[DIRECTIONS FOR THIS TASK] Quote the listing in full, exactly as given, minus any pictures.

[DATA]
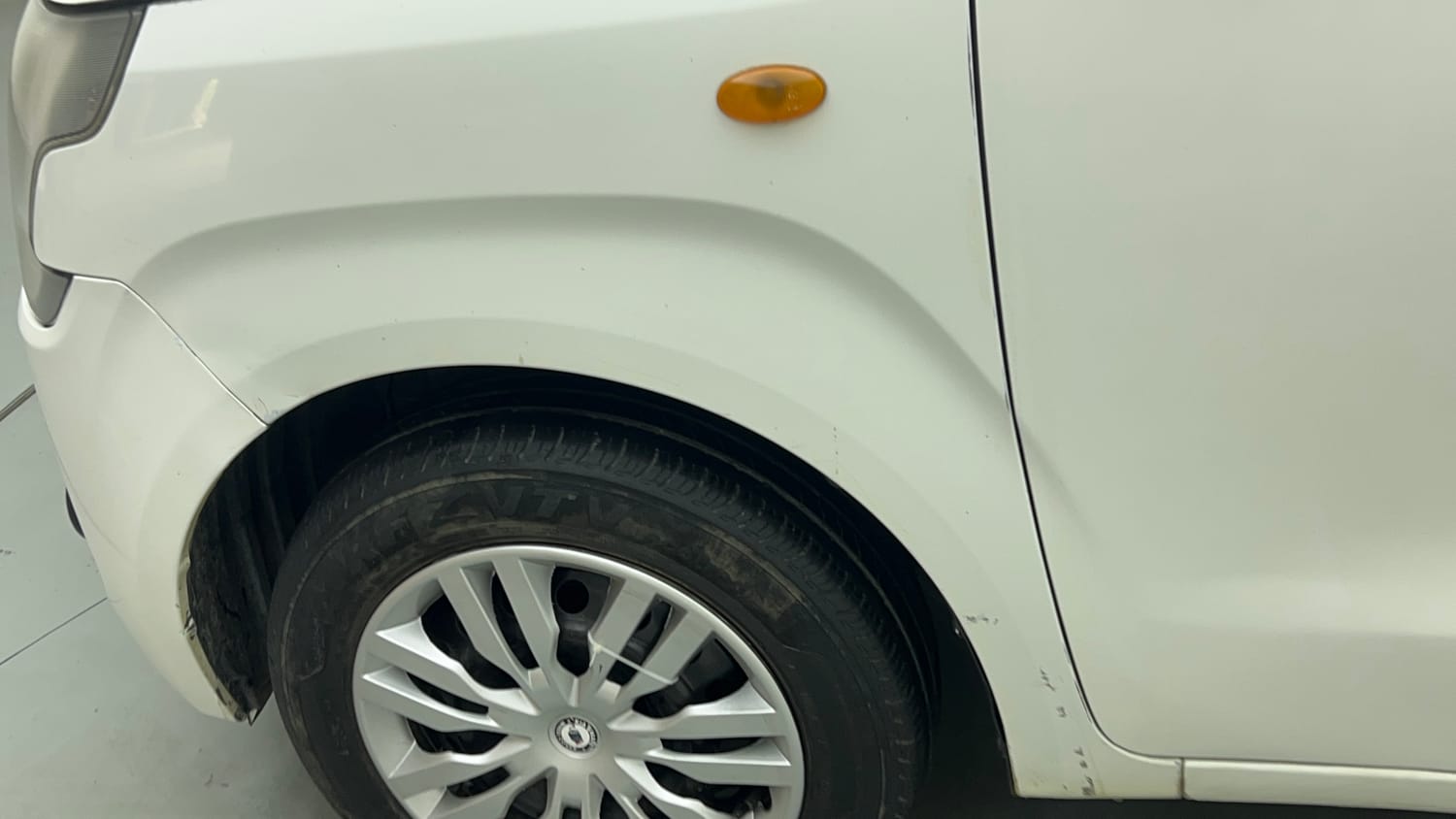 Used 2023 Maruti Suzuki Wagon R VXI 1.0 AGS Petrol Automatic dents MINOR DENT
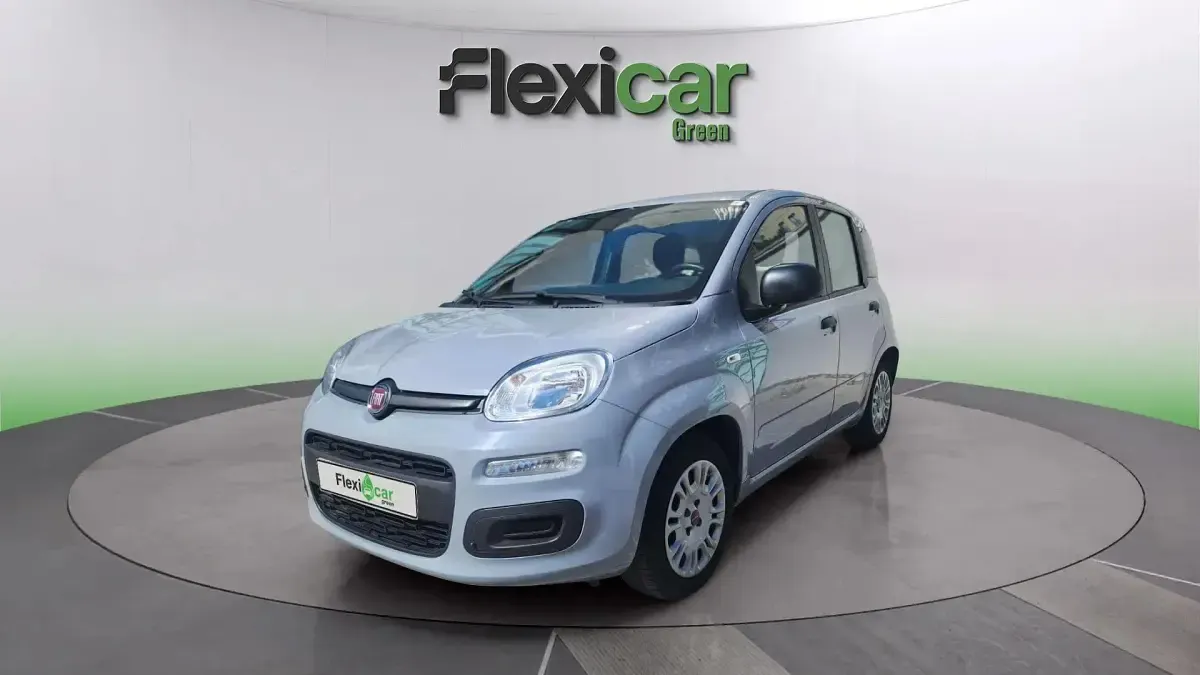 Usado Fiat Panda 71 CV (52 kW) 2022 Gris Utilitario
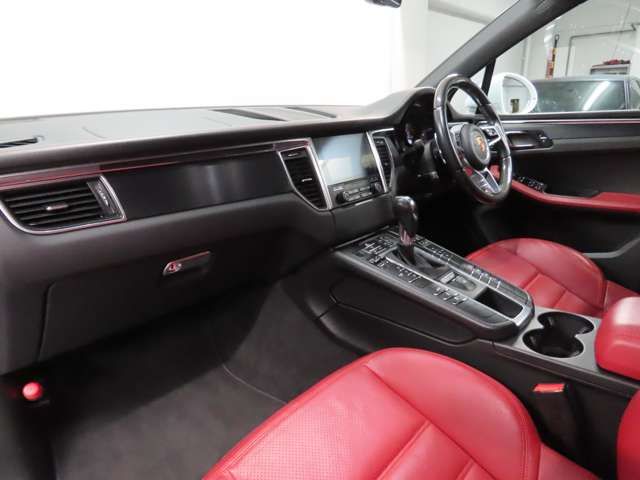 PORSCHE MACAN 2017 Image 31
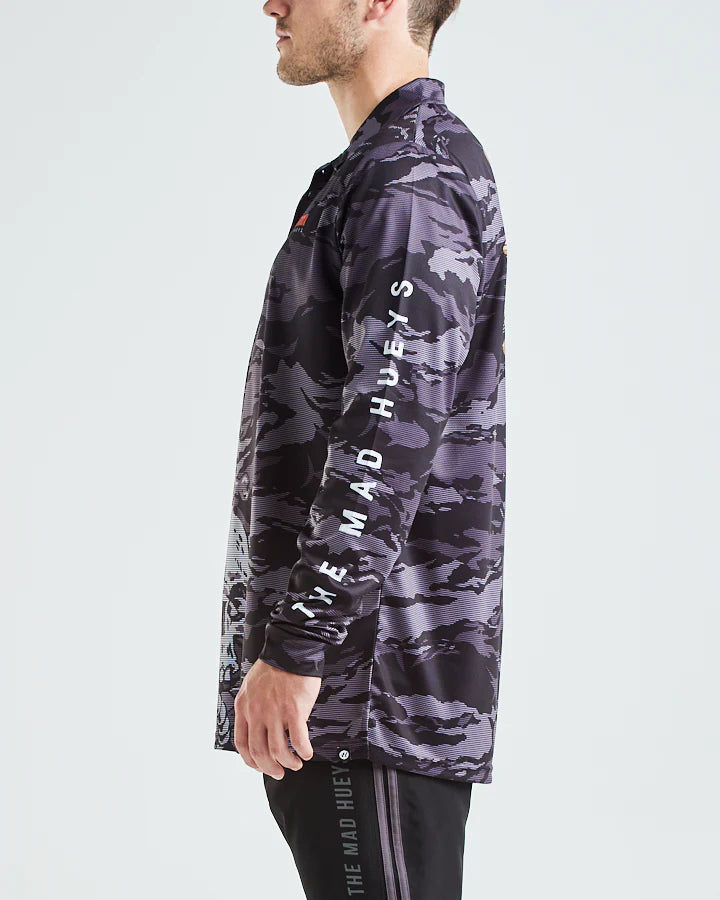 The Mad Hueys Captain Wheel UPF 50 Long Sleeve Fishing Jersey Shirt Black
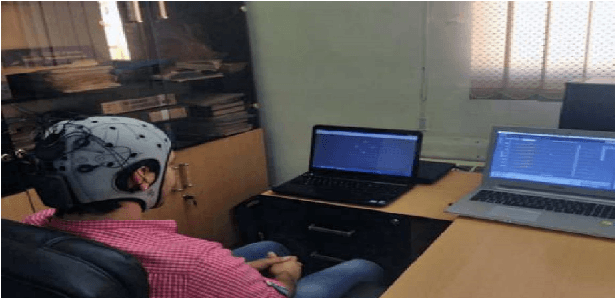 Figure 3 for Control of a 2-DoF robotic arm using a P300-based brain-computer interface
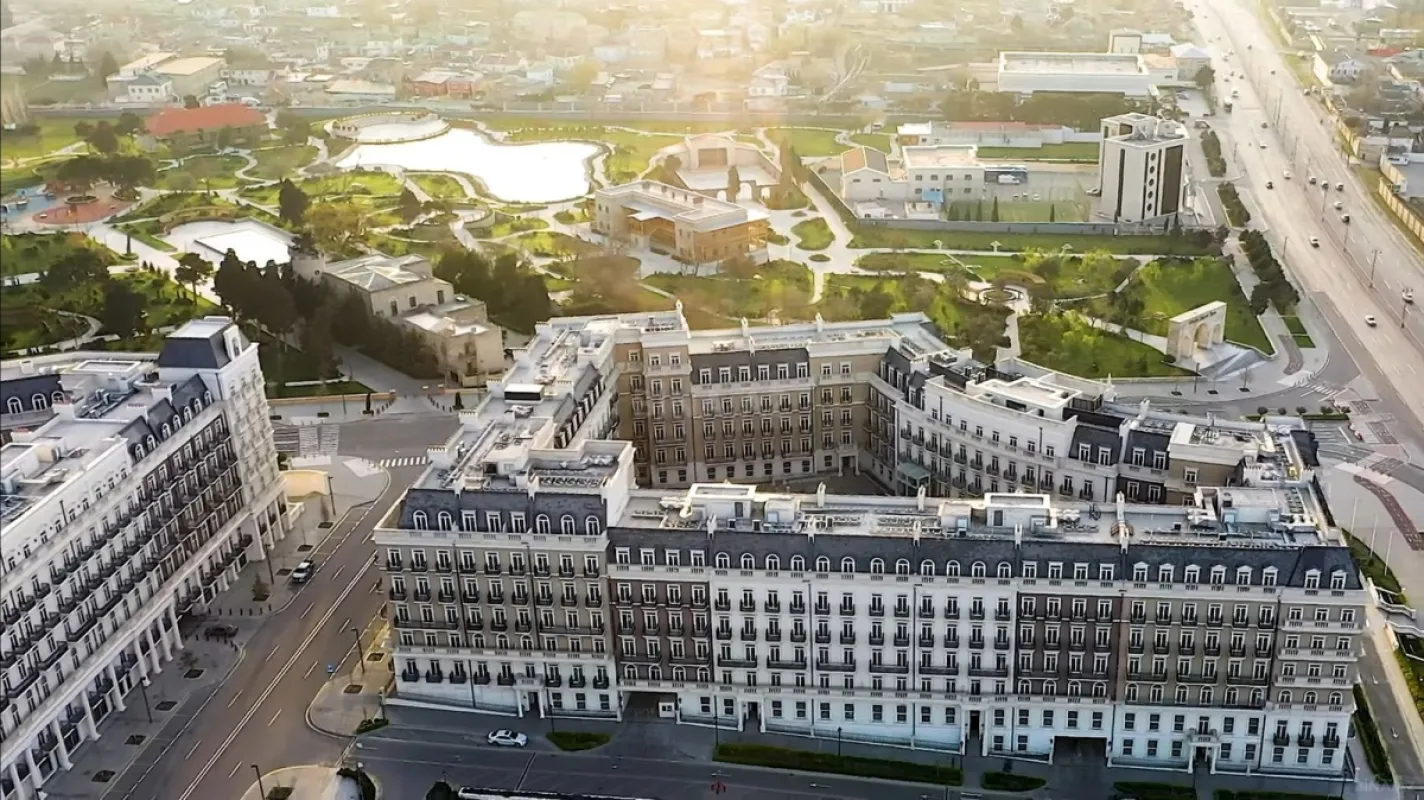 Satılır obyekt 210 m²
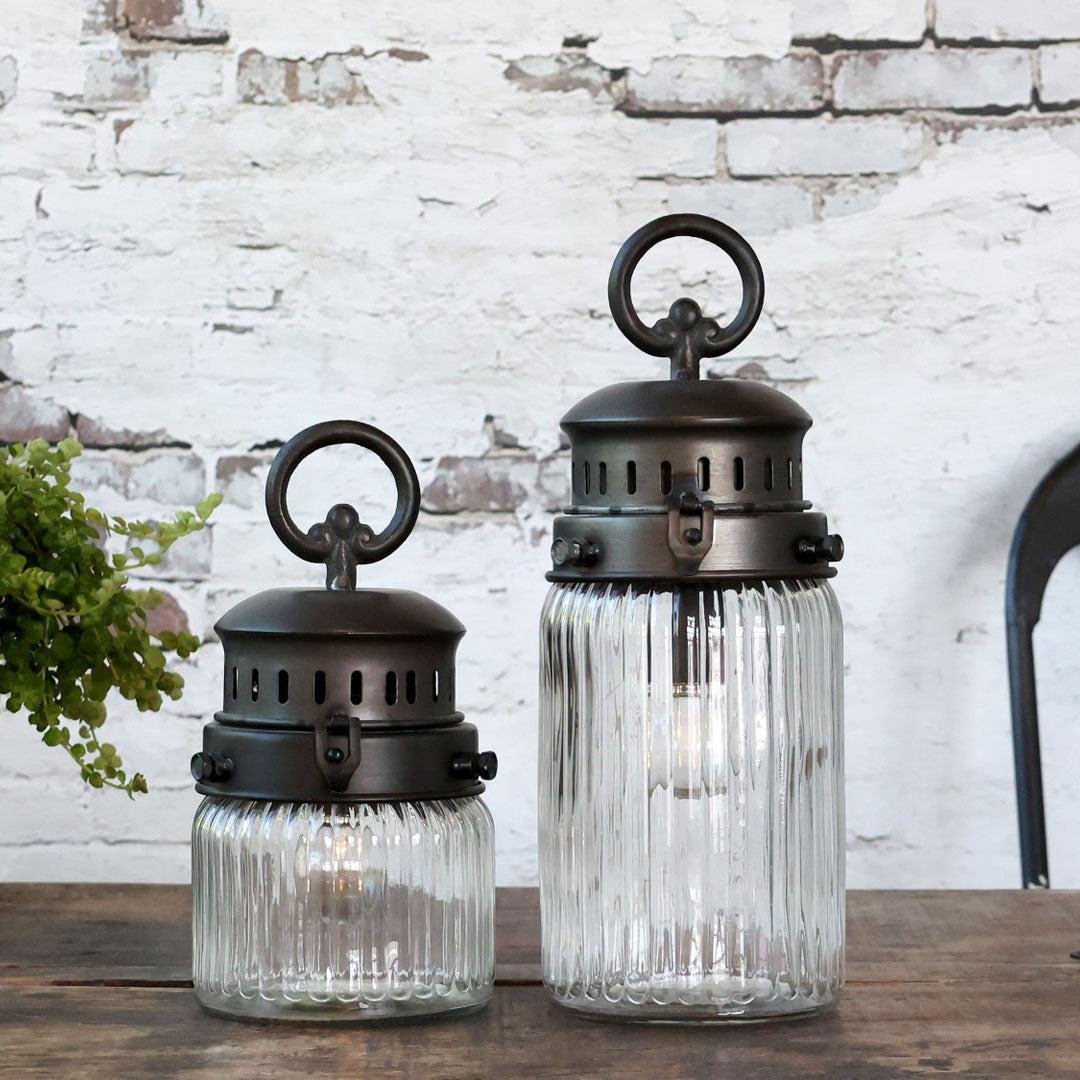 Chic Antique - Französische Scheunenlaterne mit Timer und LED-Lampe - 22 cm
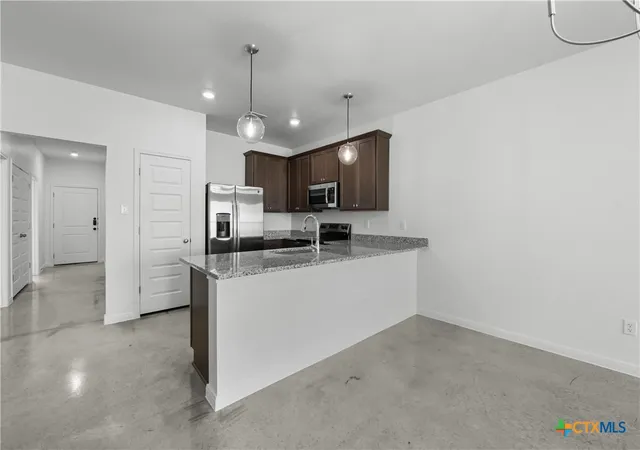 Listing Photo 4 - Condo for sale in building located at 3901 American Elm Dr, Killeen, TX 76549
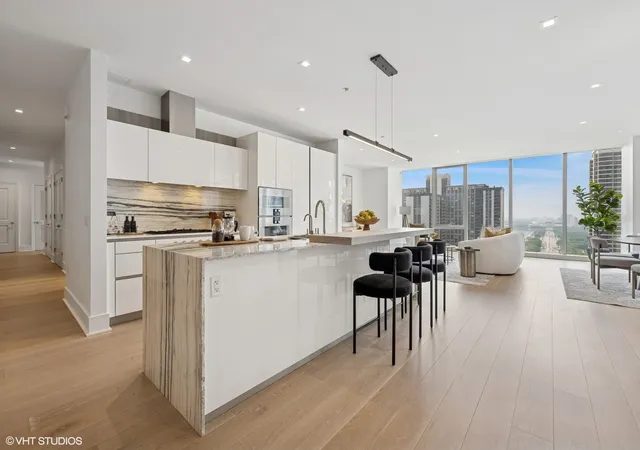 3rd image of 363 E Wacker Dr #1903, Chicago, IL 60601 | MLS# 12558524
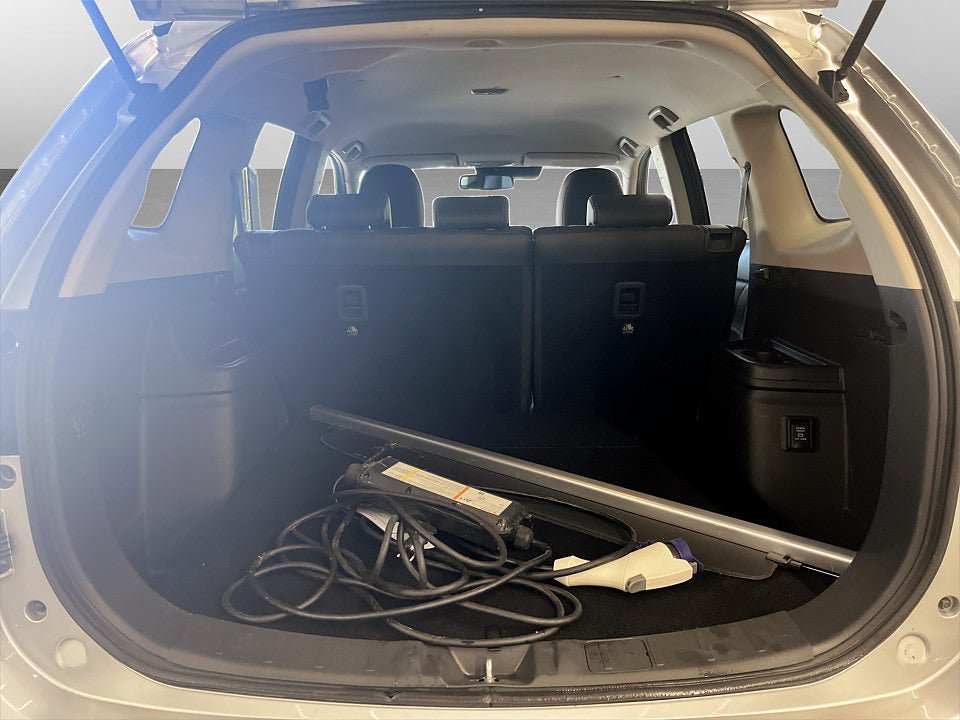 Vehicle Image 19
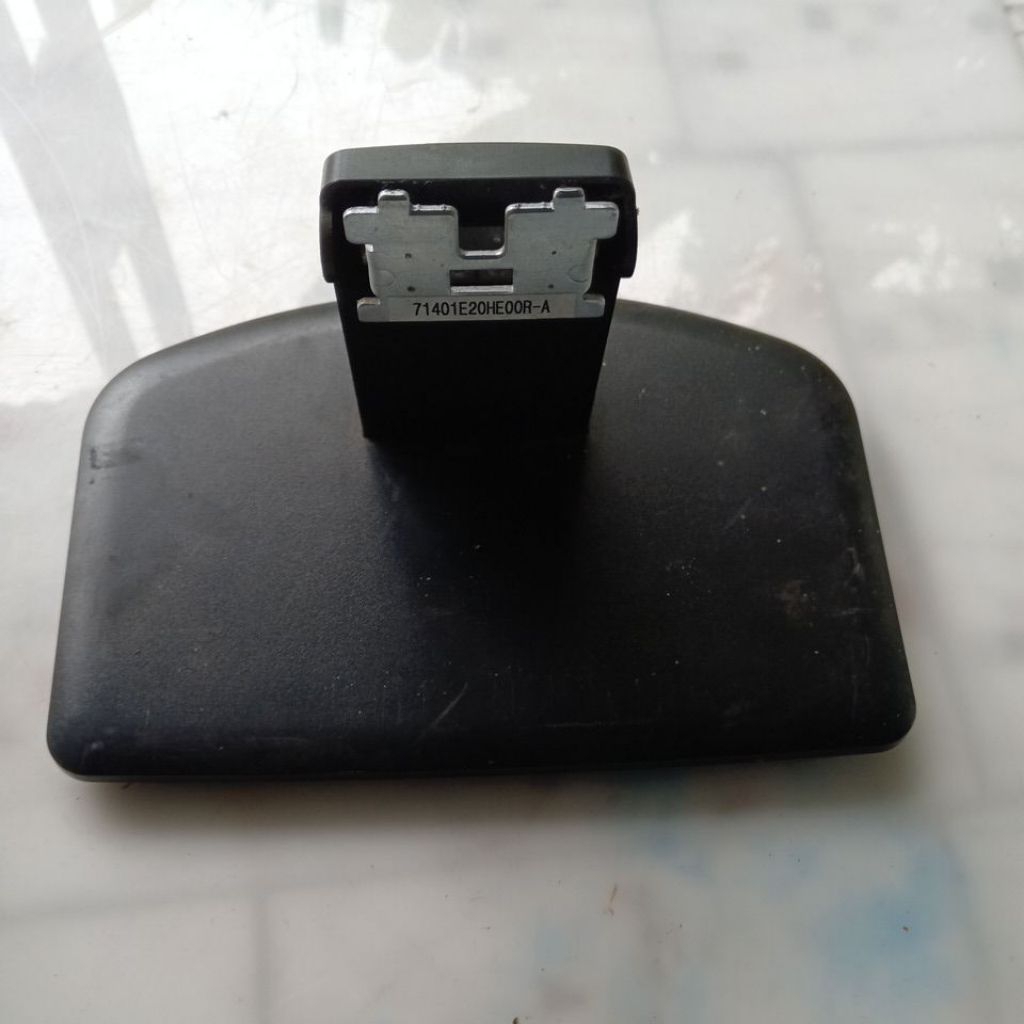 Kaki monitor DELL IN930F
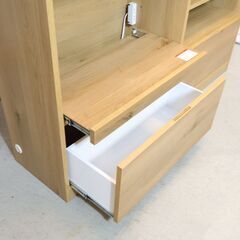 大川の家具メーカー吉川木工のアイランド間仕切りキッチンカウンターです。ナチュラルテイストや北欧スタイルなどにおススメのキッチンボード！スライド天板収納やドロワー、棚と収納量も豊富♪の画像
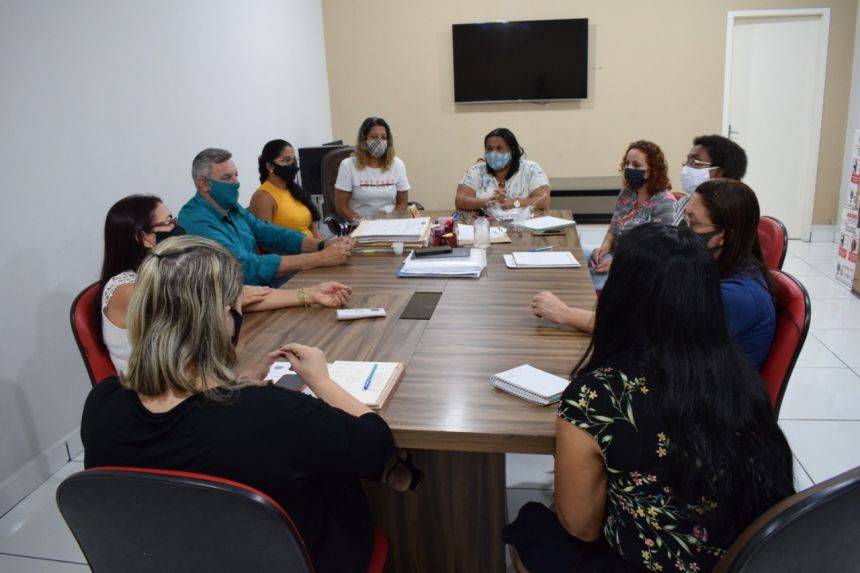 Preparando volta presencial às aulas, diretores das 30 escolas municipais de Vilhena recebem orientações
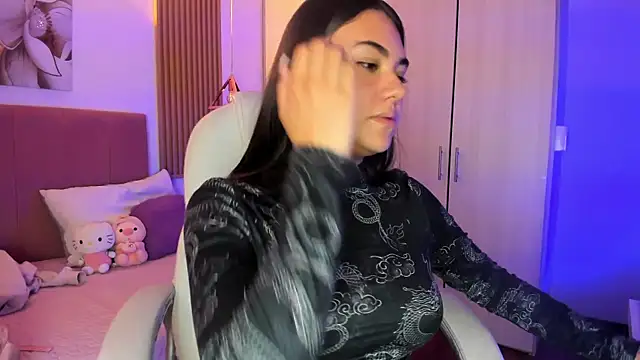 Snapshot of mia_nevaeh chatting on November 10, 2025, 9:09 pm mia nevaeh online show from November 10, 2025, 9:09 pm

[EXPECTED OUTPUT]
 Used 2023 Maruti Suzuki Wagon R VXI 1.0 AGS Petrol Automatic dents MINOR DENT
 Usado Fiat Panda 71 CV (52 kW) 2022 Gris Utilitario
 PORSCHE MACAN 2017 Image 31
 The Mad Hueys Captain Wheel UPF 50 Long Sleeve Fishing Jersey Shirt Black
 Figure 3 for Control of a 2-DoF robotic arm using a P300-based brain-computer interface
 Satılır obyekt 210 m²
 Chic Antique - Französische Scheunenlaterne mit Timer und LED-Lampe - 22 cm
 Listing Photo 4 - Condo for sale in building located at 3901 American Elm Dr, Killeen, TX 76549
 3rd image of 363 E Wacker Dr #1903, Chicago, IL 60601 | MLS# 12558524
 Vehicle Image 19
 Kaki monitor DELL IN930F
 大川の家具メーカー吉川木工のアイランド間仕切りキッチンカウンターです。ナチュラルテイストや北欧スタイルなどにおススメのキッチンボード！スライド天板収納やドロワー、棚と収納量も豊富♪の画像
 Preparando volta presencial às aulas, diretores das 30 escolas municipais de Vilhena recebem orientações
 Snapshot of mia_nevaeh chatting on November 10, 2025, 9:09 pm mia nevaeh online show from November 10, 2025, 9:09 pm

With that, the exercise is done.